You must ask “How can this matter more?” If Y doesn’t happen… what will my character do or go through? Ask “How could things get worse?” And even though this seems malicious, make sure to ask “How can I make my character suffer?” You must figure out why the outcome of whatever situation or circumstance or conflict matters to the novel.

Dig Deeper

1.      1.  There needs to be something at stake for you personally.

2.       2. Your audience needs to feel anxious.

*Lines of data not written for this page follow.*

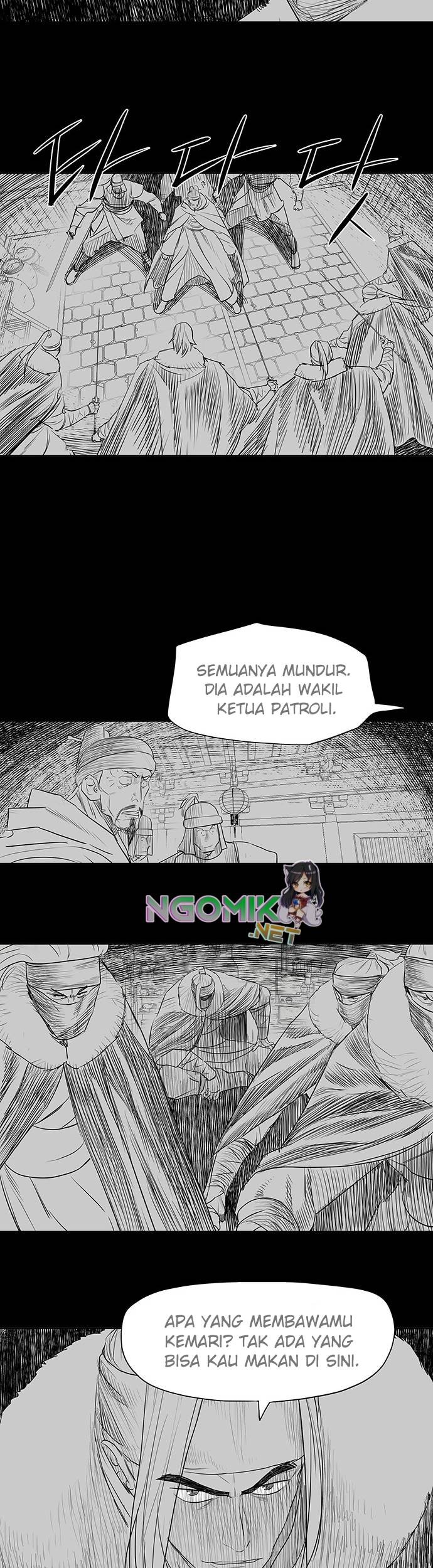 Halaman 22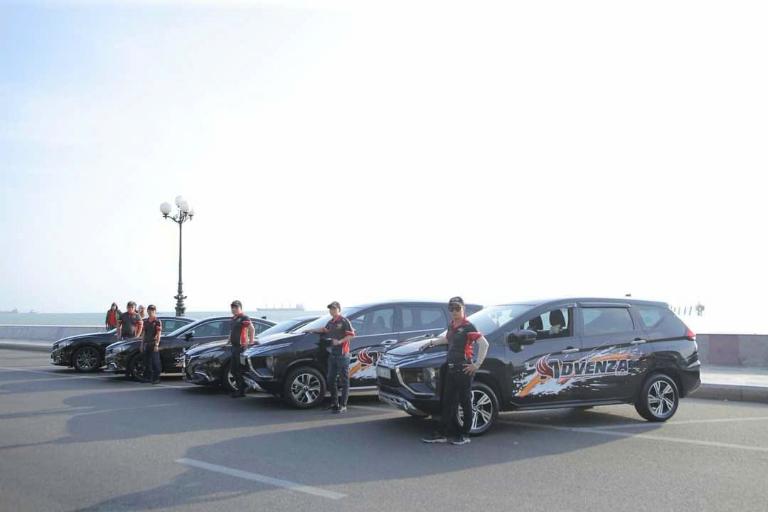 Xe ghép Hà Nội Lào Cai là dịch vụ vận chuyển ngày càng được nhiều hành khách lựa chọn nhờ sự tiện lợi, tiết kiệm chi phí và thời gian.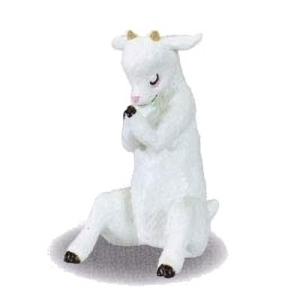 合掌 5拝 全5種セット ゆうゆう 商店 通販 Yahoo ショッピング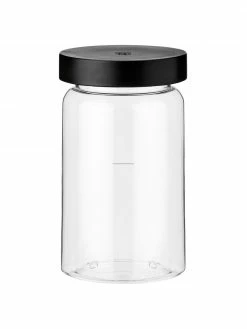 Rig-Tig Blender Foodie, Ø 10 x haut. 30 cmDisponibilité limitée -Cuisine Soldes 2022 Blender Foodie 3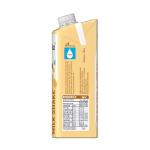 Milky Mist Butterscotch Milk Shake 170ml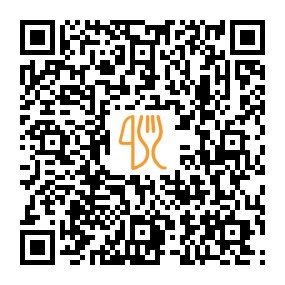 QR-code link către meniul Simply Grill Cafe Fǎ Sēn Xiǎo Guǎn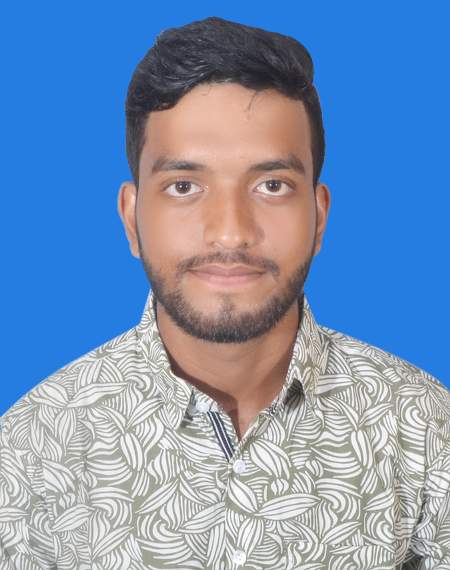 মো:ইচমত আলী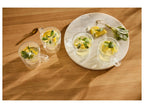 Verres thermo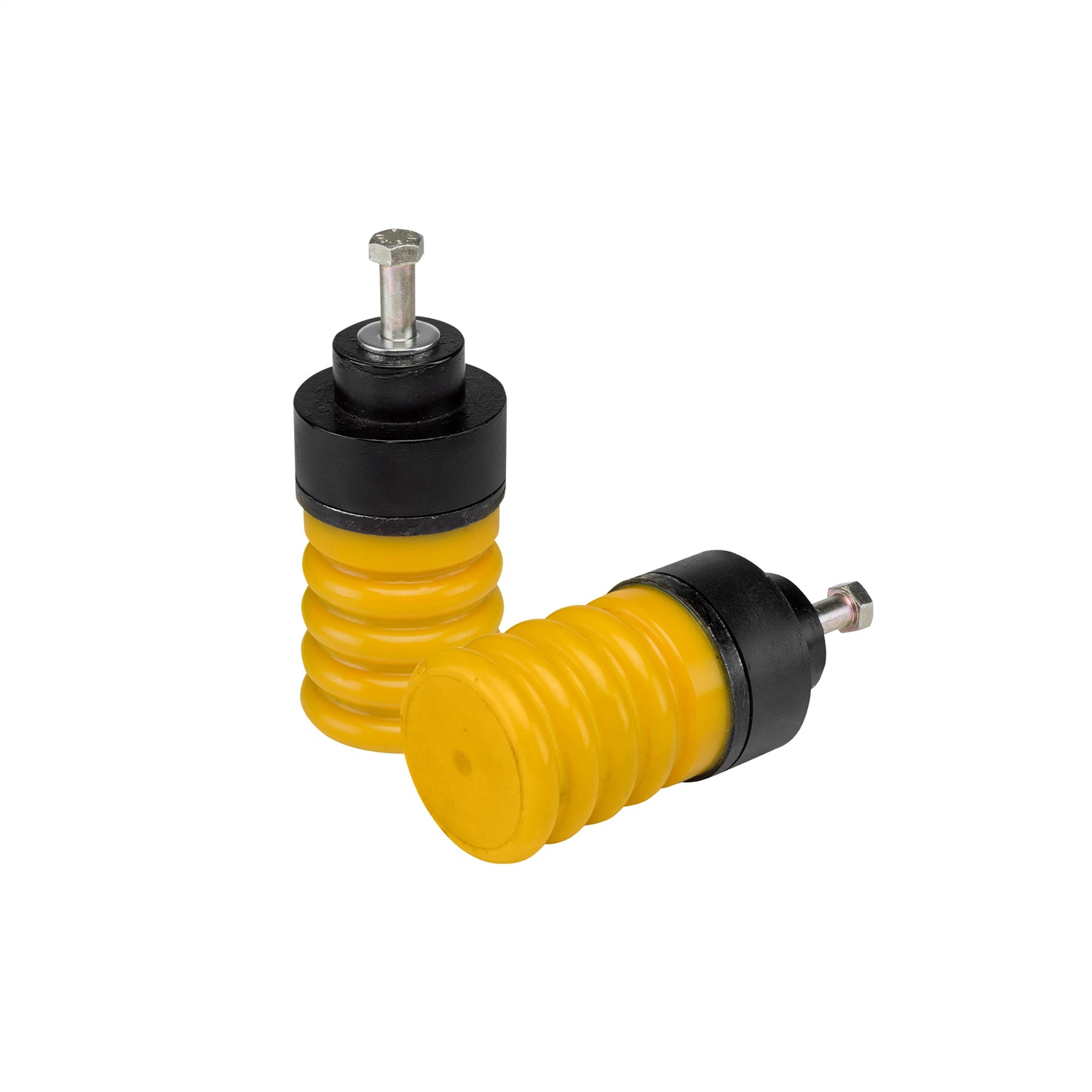 SuperSprings SSF-403-54 SumoSprings Fits Gladiator Wrangler (JK) Wrangler (JL)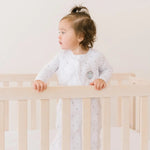 Dream Weighted Sleep Sack Dreamland Baby 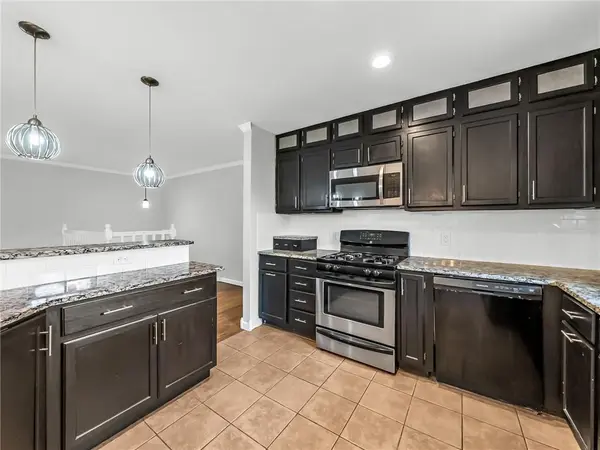 401 S Shrank AVE, Independence, MO 64056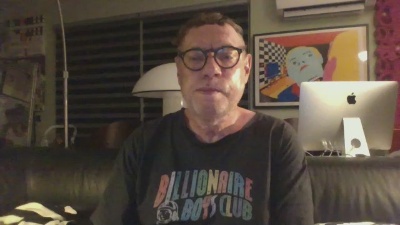 pornboy247 from Norway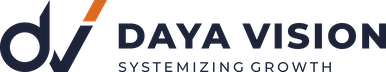 Daya Vision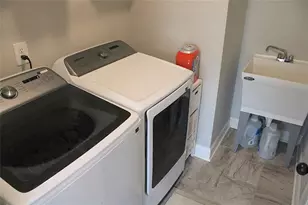 728 Harmony Rd, Temple, GA 30179 - Photo 28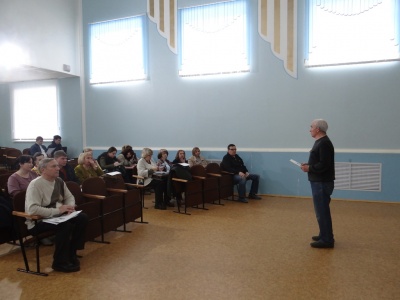 Республиканский семинар-практикум «Содержание шахматного образования в рамках реализации ФГОС ОО» Республиканский семинар-практикум «Содержание шахматного образования в рамках реализации ФГОС ОО»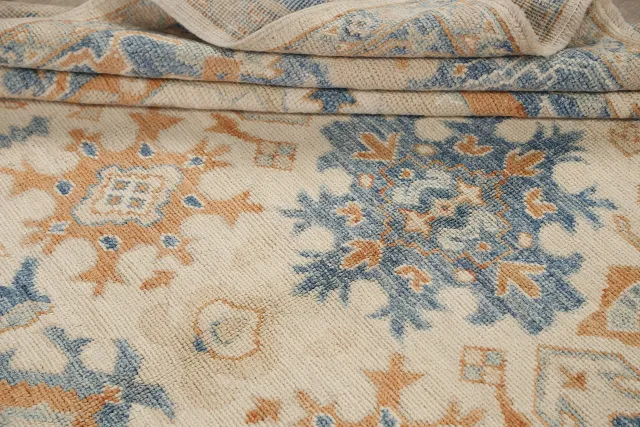 https://image-static-obj.rugsource.com/small/59708_1157345_005bfe69.jpeg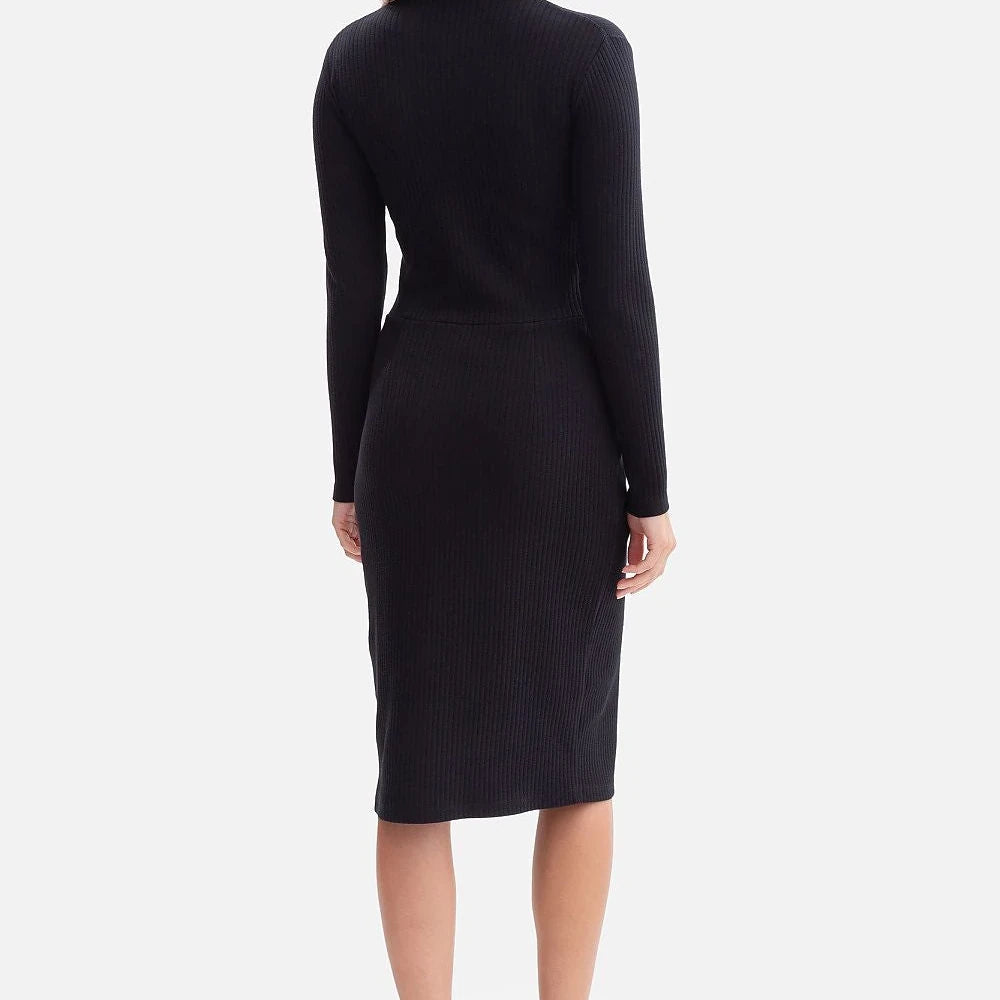 Daydress BeWear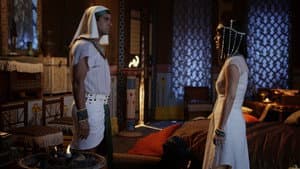Episode 138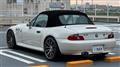 1999 BMW Z3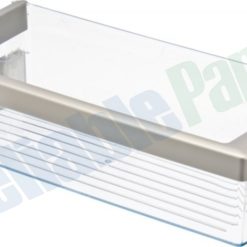 00673122 Bosch Refrigerator Tray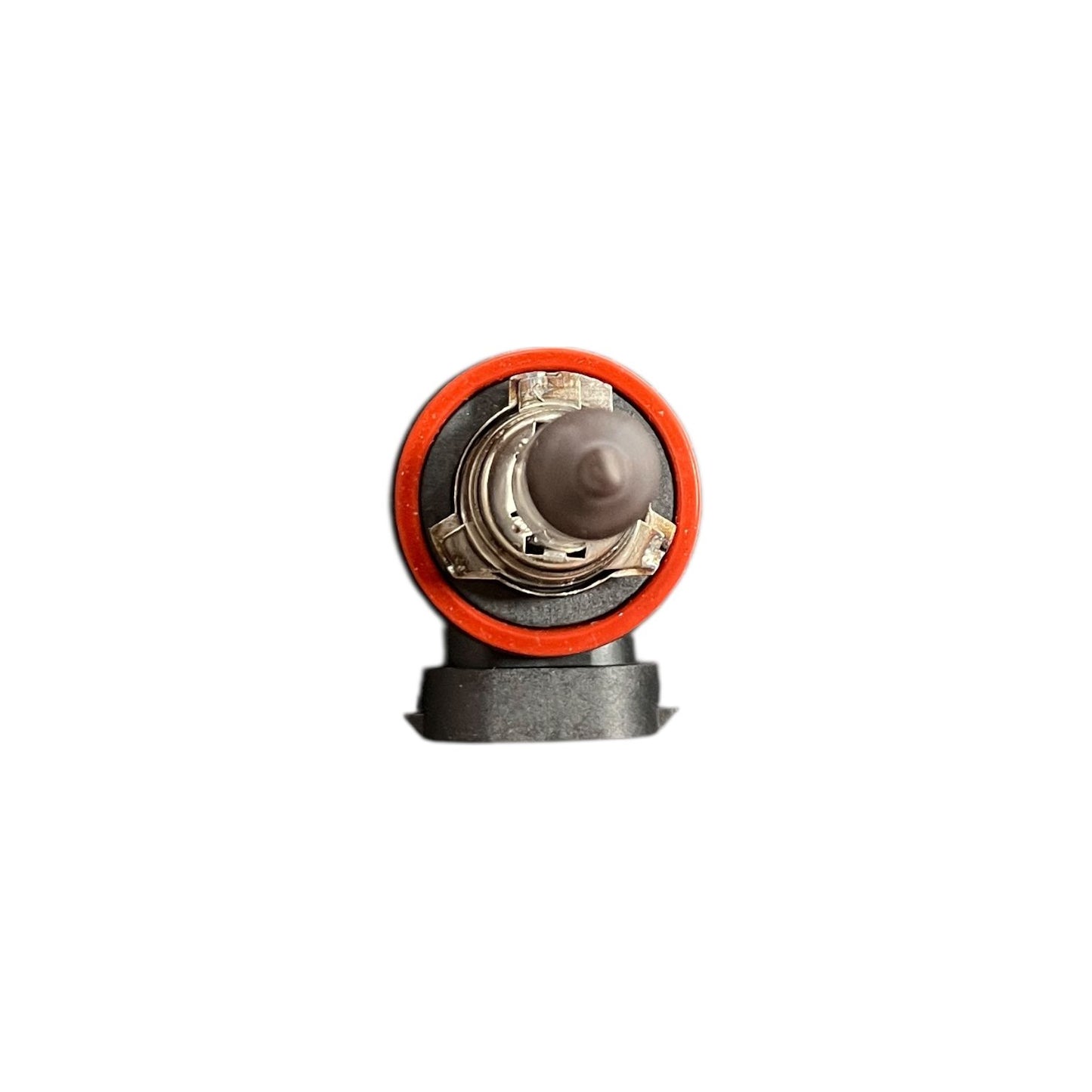 Pack X3 Ampolleta Halógena H11 12V 55W PGJ19-2 3200K Para Auto FSL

3.      3.  There needs to be a question of “Will they or won’t they?” for your characters.

Frontloading

What happens when you foreshadow the outcome of the irrevocable commitment early on? Decide if there is a bridging conflict or if it starts with a bang and there is no backstory and figure out how to make it create a backstory throughout and the initial, uniting character conflicts. There needs to be a temporary conflict, mini-problem, or interim worry that makes the opening matter.

Takeaways

1.       1. There needs to be conflict to move the story forward.

2.       2. Determine what your stakes are and raise them.

3.       3. Make your character suffer.

4.       4. Your audience needs to feel anxious.

5.       5. Be a “risk-taker”.

What I learned:

It is important to care about your characters. If they do not overcome conflict and endure then we are less likely to care. There must be personal and public stakes and society is affected by both. Each scene is relevant and acts as a catalyst to whatever outcome we want. Make the character matter.